Complex and unique passwords on user and administrator accounts can reduce an environment’s susceptibility to brute force attacks and other common tactics employed by threat actors. Lodestone recommends that companies require all user account passwords to be updated at least quarterly and contain one uppercase character, one lowercase character, one number, and one special character at a minimum.
A DLP tool can be placed within an environment to detect potential data breaches or data exfiltration. An organization can configure a DLP solution to monitor for common characteristics of sensitive information handled by its personnel to help ensure that this data does not leave the environment either by accident or for nefarious purposes. These tools can be applied to data in a variety of forms, including data in use, data in transit, and data at rest. Lodestone recommends that companies obtain DLP solutions and tailor their configurations specifically for their businesses and the sensitive data they handle.
Retaining backup data and checking the integrity of the backups can help companies rebuild critical systems if unforeseen events cause them to be lost. Backing up and maintaining key information in safe locations both on-premises and off-site can enable companies to respond quickly to security incidents and other issues without fear of potential data loss. Lodestone recommends that companies configure daily backups of their critical systems.
Monitoring networks for suspicious activity can empower companies to more quickly and effectively isolate and remove potentially unwanted programs or applications from environments. Lodestone recommends that companies consider the use of behavior-based endpoint detection and response (EDR) solutions to monitor their environments. Examples of EDR products include Endgame and Sentinel One.
Selected third-party IT vendors should be subject to thorough information security risk assessments and be required to provide proof of information security risk assessments and written policies and procedures that support security compliance. Lodestone recommends that companies require all IT vendors to provide proof of compliance with their own and the company’s security requirements upon establishing contracts and annually thereafter.
Restricting user permissions to install and execute software applications can prevent the accidental or intentional introduction of malware into an environment. Lodestone recommends that companies employ the principle of least privilege, in which each user is assigned the minimum level of privilege necessary to perform their activities.
Adequate logging and auditing within an organization is critical to ensure the identification, prevention, and containment of suspicious or unwanted actions. Dynamic Host Configuration Protocol (DHCP), firewalls, intrusion detection systems (IDSs), antivirus (AV), virtual private networks (VPNs), Windows event logs, and other application and database logs should be appropriately maintained, reviewed, backed up, and made accessible to the appropriate staff members. Logging for some components, such as Microsoft 365 (M365), are disabled by default, but can provide critical information in preventing and responding to potential security incidents.

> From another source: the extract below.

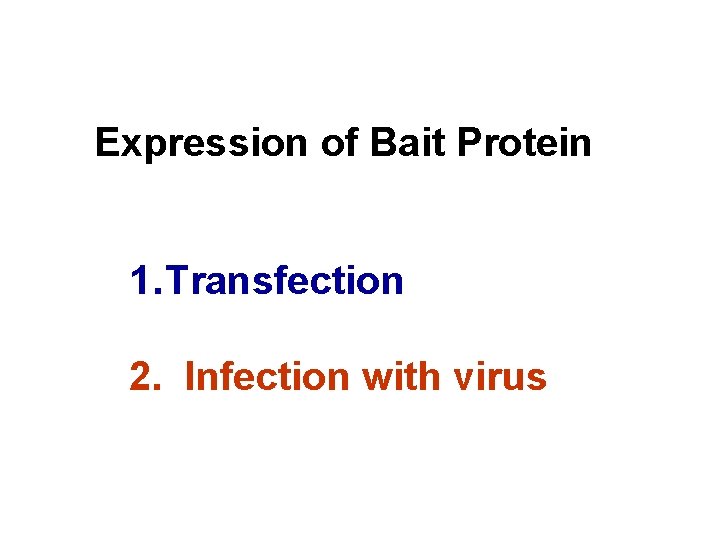Expression of Bait Protein 1. Transfection 2. Infection with virus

Logging events can also be used to apply statistical analysis to user events and system activities to help identify anomalous behavior. Lodestone recommends that companies enable the collection of all event logs possible.
Applications can be integrated into the M365 environment to support a number of functionalities. Consistent vetting of these applications can assist with the identification of unapproved or unvetted third-party software. Lodestone recommends that companies block and disable unmanaged applications to help prevent users from inadvertently granting malicious software access to company information.
Bring-your-own-device (BYOD) policies can present a unique challenge to security, as the devices themselves are not owned by the company. Lodestone recommends that companies take measures to ensure that BYOD devices are only given access to necessary resources and are otherwise segregated from their infrastructure.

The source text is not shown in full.